Qui. Salotti, storie e un graphic novel
di Ornella Tajani
Alcuni anni fa sono andata a visitare la casa di Balzac a Parigi, nel XVI arrondissement. Ci sono andata da sola, mossa da un desiderio appena tiepido, come per una cosa che si deve fare, perché in realtà spesso mi annoio tremendamente in queste case-museo in cui tutto mi sembra così cristallizzato nel tempo da apparire quasi finto.
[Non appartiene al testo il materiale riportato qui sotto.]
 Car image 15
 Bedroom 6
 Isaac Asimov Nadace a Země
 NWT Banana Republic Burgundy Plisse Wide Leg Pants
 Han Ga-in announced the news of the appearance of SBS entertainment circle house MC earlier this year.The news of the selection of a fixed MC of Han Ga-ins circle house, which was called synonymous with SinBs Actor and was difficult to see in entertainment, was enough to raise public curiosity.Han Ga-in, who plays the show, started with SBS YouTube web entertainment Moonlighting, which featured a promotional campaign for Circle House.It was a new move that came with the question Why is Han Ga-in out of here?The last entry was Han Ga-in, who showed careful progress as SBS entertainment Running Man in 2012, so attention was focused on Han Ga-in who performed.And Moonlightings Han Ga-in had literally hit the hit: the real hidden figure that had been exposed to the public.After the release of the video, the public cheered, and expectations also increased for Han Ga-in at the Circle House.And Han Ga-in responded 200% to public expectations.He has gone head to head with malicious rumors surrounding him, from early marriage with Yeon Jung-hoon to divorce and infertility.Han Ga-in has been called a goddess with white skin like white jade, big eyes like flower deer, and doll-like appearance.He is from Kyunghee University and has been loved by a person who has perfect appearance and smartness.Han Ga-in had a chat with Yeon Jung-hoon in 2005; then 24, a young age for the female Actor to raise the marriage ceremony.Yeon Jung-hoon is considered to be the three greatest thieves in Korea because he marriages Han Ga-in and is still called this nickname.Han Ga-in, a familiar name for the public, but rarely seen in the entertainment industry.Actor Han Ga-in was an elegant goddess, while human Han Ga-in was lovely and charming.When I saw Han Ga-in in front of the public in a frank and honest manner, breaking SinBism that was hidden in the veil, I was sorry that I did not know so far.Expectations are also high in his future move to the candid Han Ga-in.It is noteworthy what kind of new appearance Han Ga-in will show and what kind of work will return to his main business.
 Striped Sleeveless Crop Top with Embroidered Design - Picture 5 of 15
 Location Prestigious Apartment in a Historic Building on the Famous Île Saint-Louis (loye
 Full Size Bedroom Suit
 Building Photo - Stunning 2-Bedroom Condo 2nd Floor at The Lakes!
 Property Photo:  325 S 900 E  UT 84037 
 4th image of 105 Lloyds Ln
Una casa-museo è una contraddizione in termini, perché priva di ciò che rende un luogo una casa, e io proprio non riesco a emozionarmi per «la tazzina in cui nel 1941 ha bevuto il caffé Benedetto Croce», come tuonava Silvio Orlando contro i malcapitati turisti nel film Il portaborse.
Mentre gironzolavo per le stanze della maison Balzac, quindi, non mi stavo emozionando neanche per la caffettiera in porcellana con le iniziali HB; curiosavo più che altro fra la bellissima galleria dei personaggi della Comédie Humaine e il Fonds Gautier, perché all’epoca progettavo di scrivere qualcosa su Gautier che poi sicuramente non ho scritto, e aspettavo di finire la visita per passare in giardino a fumare, sedendomi magari sulla stessa panchina sulla quale Balzac fumava la pipa. A un certo punto ho notato l’orologio sul camino del salotto: le cinque e un quarto. Sarebbe stato bello immaginare che fosse fermo dalle cinque e un quarto di un pomeriggio del 1847, ultimo anno in cui Balzac aveva vissuto in quella casa, un pomeriggio in cui, mentre lavorava alla scrivania, lo scrittore aveva alzato gli occhi sentendo cessare di colpo il ticchettio delle lancette. Oppure, più rocambolescamente, l’orologio si era rotto cadendo, Balzac l’aveva urtato mentre provava a mettersi in salvo da qualche creditore (era il motivo per il quale aveva scelto proprio quella casa, che presentava il vantaggio di avere due entrate).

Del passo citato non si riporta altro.